Among the entries that follow, the required portion opens with the line containing "3.2.1. Evolução histórica" and closes with the line containing "adotaram o princípio em algum grau.". Give that portion again exactly, and nothing else.

***** DATA SUPPLIED *****

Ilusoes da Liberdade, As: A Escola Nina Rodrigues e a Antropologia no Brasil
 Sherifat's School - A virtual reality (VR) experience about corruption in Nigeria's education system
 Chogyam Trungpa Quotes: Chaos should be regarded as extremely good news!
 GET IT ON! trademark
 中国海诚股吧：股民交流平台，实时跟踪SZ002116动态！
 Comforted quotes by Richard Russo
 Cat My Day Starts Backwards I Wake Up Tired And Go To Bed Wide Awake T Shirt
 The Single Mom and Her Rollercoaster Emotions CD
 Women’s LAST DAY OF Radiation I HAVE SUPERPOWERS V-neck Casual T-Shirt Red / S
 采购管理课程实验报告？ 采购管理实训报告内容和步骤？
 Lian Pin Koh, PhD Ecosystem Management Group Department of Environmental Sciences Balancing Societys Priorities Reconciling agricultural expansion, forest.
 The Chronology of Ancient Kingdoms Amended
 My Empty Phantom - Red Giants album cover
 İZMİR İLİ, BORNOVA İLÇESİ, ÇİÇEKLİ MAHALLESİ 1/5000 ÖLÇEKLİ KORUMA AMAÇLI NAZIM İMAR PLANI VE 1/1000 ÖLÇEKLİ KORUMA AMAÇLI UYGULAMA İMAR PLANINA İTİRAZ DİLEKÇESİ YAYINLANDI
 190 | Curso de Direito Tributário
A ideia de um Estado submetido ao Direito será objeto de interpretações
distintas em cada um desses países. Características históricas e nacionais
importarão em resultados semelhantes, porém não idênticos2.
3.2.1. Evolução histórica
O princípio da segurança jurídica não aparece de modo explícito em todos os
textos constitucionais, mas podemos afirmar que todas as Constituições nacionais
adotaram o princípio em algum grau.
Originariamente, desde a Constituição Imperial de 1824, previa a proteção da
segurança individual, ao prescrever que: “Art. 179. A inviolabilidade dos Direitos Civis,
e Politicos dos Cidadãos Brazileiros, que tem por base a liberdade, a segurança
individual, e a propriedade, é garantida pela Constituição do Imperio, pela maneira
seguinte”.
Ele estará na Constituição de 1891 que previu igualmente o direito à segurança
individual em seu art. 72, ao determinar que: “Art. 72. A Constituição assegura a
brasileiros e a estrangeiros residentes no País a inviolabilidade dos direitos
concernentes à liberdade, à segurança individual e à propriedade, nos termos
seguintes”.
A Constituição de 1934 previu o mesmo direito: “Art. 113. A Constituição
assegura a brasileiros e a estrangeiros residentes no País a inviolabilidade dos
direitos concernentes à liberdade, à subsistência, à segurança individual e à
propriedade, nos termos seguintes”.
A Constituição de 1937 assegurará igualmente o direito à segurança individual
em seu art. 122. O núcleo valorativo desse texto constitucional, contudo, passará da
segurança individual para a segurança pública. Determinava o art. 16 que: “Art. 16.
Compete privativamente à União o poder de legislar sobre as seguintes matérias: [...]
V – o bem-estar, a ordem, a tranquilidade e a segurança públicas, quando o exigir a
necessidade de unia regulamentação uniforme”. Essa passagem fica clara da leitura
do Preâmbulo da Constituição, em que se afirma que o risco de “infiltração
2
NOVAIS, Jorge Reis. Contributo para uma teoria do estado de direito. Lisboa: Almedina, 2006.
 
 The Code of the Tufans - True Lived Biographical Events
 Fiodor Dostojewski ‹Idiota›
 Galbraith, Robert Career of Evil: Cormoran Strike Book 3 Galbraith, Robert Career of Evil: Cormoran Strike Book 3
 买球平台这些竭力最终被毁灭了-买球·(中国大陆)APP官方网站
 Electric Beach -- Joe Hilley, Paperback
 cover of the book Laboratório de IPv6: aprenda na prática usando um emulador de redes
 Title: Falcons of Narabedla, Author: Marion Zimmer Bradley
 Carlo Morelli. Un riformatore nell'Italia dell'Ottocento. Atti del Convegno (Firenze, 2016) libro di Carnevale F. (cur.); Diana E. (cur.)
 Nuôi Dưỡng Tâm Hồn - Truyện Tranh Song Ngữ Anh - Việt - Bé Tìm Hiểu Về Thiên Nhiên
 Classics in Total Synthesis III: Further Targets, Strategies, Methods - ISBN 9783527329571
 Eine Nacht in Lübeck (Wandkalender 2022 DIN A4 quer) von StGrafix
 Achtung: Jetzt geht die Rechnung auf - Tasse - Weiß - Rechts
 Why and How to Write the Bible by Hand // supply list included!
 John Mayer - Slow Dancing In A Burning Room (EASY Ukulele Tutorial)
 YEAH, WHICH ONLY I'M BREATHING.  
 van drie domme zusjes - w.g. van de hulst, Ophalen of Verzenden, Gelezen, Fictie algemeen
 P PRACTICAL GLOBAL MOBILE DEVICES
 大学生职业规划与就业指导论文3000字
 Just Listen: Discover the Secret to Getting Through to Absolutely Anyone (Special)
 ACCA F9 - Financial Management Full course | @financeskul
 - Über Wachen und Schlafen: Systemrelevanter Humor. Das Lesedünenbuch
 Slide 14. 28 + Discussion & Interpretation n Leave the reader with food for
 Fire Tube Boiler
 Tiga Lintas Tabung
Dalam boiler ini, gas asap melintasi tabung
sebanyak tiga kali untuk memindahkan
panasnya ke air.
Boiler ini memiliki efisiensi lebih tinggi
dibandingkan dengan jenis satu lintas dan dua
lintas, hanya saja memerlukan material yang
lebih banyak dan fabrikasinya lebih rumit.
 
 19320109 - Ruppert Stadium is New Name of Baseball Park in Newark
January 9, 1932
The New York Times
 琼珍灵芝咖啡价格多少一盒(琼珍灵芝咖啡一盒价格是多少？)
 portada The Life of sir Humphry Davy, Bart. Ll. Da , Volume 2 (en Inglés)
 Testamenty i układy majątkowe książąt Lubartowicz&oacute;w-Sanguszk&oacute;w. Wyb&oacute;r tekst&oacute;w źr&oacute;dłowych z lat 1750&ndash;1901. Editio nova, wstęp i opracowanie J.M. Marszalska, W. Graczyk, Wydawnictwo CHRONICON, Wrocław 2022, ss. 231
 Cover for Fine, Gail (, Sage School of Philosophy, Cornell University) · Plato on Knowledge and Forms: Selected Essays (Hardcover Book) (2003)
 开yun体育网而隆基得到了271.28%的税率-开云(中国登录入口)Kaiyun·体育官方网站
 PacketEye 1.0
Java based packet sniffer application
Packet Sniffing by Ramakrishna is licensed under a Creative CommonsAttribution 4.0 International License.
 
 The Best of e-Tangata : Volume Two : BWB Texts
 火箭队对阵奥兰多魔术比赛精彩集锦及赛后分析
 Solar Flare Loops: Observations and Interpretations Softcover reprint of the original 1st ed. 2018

*****

**EXERCISE OUTPUT**
3.2.1. Evolução histórica
O princípio da segurança jurídica não aparece de modo explícito em todos os
textos constitucionais, mas podemos afirmar que todas as Constituições nacionais
adotaram o princípio em algum grau.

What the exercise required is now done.